Hood insists that's not the case -- that his film is very much his own creation, and not bound by the oft-rigid formulas ascribed to movies starring teenagers. Hood is a gregarious, animated talker, and if "Ender's Game" has half as much energy as he does, then we're all in for a wonderful sci-fi treat.
Moviefone Canada spoke with Hood on a quick stop in Toronto in the summer. He chatted with us about how "Ender's Game" differs from "Hunger Games," and how he managed to make a deep, thematic film without sacrificing its big-screen blockbuster appeal.
Moviefone: Are you contemplating this film as a stand-alone, or will there be an "Ender's" franchise in the future?
Gavin Hood: I'm never capable of talking about a franchise when I'm trying to get a movie out. There will be no franchise if this movie doesn't do well, and my focus is always on making the best movie I can. If it triggers a franchise, that'll be great -- there's talk about it. The trouble is, the book sequel to "Ender's Game" only involves Ender peripherally, and introduces an entirely new set of characters. From a film point of view, the studio wants to carry characters forward, so ... I think the sound byte from this is, if the film does well, there will be talk of a sequel. There. [Laughs]
A lot of people are comparing the film to "Hunger Games" -- would you agree that there's anything similar?
I guess there's a parallel in the sense that there are young adults facing obstacles and challenges. I think what drew me to this is it's really focused on a character who isn't perfect. I think the big difference between Ender Wiggin and Katniss Everdeen is ... "Ender's Game" is not a story in which an otherwise good person is compelled to set the world right after being wronged. I would like to separate "Ender's Game" from "Hunger Games" on that basis.
A lot of people struggle with that. The people who love this book love it, as do I. The character of this boy is essentially torn between his capacity for violence and his equal-but-opposite capacity for compassion and kindness. This is helped, thematically, by his having a very compassionate sister and a very violent older brother. Which one is Ender? "Ender's Game" is an interesting, morally complex film, wrapped in a big popcorn movie setting.
So it has the pop appeal, but also thematic heaviness?

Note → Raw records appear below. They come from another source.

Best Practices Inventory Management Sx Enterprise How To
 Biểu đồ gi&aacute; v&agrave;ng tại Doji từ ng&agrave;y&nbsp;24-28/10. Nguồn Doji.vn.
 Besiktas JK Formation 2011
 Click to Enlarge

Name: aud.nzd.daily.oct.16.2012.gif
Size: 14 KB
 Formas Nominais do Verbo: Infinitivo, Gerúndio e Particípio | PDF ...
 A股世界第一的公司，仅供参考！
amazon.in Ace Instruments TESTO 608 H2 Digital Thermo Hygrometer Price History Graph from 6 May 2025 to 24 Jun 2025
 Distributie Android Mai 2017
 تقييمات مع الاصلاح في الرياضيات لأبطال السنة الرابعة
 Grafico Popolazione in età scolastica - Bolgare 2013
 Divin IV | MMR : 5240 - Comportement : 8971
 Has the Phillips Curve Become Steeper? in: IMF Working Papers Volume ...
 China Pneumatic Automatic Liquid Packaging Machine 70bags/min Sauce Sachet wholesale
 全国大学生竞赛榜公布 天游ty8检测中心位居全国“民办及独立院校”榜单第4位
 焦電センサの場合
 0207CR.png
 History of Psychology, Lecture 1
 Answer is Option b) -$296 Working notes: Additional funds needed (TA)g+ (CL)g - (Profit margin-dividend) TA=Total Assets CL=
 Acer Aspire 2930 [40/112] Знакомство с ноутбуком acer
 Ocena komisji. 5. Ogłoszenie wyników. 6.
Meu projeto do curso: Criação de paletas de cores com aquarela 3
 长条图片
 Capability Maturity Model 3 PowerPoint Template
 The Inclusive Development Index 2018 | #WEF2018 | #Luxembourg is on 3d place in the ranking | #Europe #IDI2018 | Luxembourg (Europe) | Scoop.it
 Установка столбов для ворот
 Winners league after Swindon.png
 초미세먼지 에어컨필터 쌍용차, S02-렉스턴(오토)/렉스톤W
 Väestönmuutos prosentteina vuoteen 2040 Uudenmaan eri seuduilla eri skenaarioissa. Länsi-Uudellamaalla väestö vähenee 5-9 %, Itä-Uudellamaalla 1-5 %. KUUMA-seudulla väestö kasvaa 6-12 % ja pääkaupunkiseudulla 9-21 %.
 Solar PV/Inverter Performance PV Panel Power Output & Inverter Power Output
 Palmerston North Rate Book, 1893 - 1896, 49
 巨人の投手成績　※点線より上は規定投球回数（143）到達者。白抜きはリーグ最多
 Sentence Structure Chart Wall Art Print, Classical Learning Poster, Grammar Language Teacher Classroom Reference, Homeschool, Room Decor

It offers what any big film must in order to draw people away from their TVs and into the cinema. The reason to go to see this on the big screen is because you need to experience this incredible battle room we've created, these space battles, the zero gravity. It's the most awesome wish-fulfillment moment you can imagine: jumping out into zero-G and float around and play laser tag. This is so cool! It also has as its core a fascinating character study about a young kid who's capable of excessive violence. His journey is to discover: what is my true nature? And if my true nature is leaning that way, how do I pull it back? I'm very bored with films about good vs. evil, or "an evil person attacks me and I'm good, and therefore I can do no wrong" movies. That's such a dangerous philosophy. "Ender's Game" is about the deeper issue: even though I feel right, do I have the capacity to cross a line?
Aesthetically, how did you approach "Ender's Game"? When I think of movies like this, I think of "Tron" and "Logan's Run."
"Tron" is more monochromatic; I'm trying to add with ambers, and the blues and greens of Earth. It's a really restrained palate -- the uniforms have strong primary colours -- but I didn't want it to just be sci-fi blue. I said to the design team, we're not going up into space to be in a black room. We have to create a glass dome. They were worried about costs, so I said I'd rather trim down the number of battle room scenes (I originally had five, now there are four), and do them really well. The Rat Army scene went because I didn't have the budget to do it. I tried to vary it up in terms of colour and lighting every time.
Was it hard to convey such a complicated story while still pleasing the powers that be?
It's still a big action movie. It has to be, or else the studio wouldn't make it, and that's why it hasn't been made for years. The studios were trying to make just the big action version, without any of the other stuff.
This is a very atypical movie for the genre, then.
I have young kids, and I see how much stuff they consume -- and I want them to have deep, meaningful conversations. None of that simple good/evil paradigm. I was drafted into the [South African] military at age 17 and I lost a friend, it was very traumatic. I also formed extremely close friendships with people, it was all so confusing. After my friend died, I was very angry. There are moments in this movie where Ender is disgusted with himself about decisions he makes. That's not a theme that's traditionally in big popcorn movies.
There's another trend in movies right now: At the very end, there's a tacked-on explanatory scene...
Dude. That's what's happening. I know what you're talking about. It's a very political system. Everyone's been raised with this mentality that you can't walk out of the cinema confused. If I give you a total, complete ending, you don't have to debate what you think the ending should be. Then there's no conversation. You get, "Wow, that was cool." I'm always leaning towards making my endings a bit cryptic.
"Ender's Game" opens in theatres on November 1.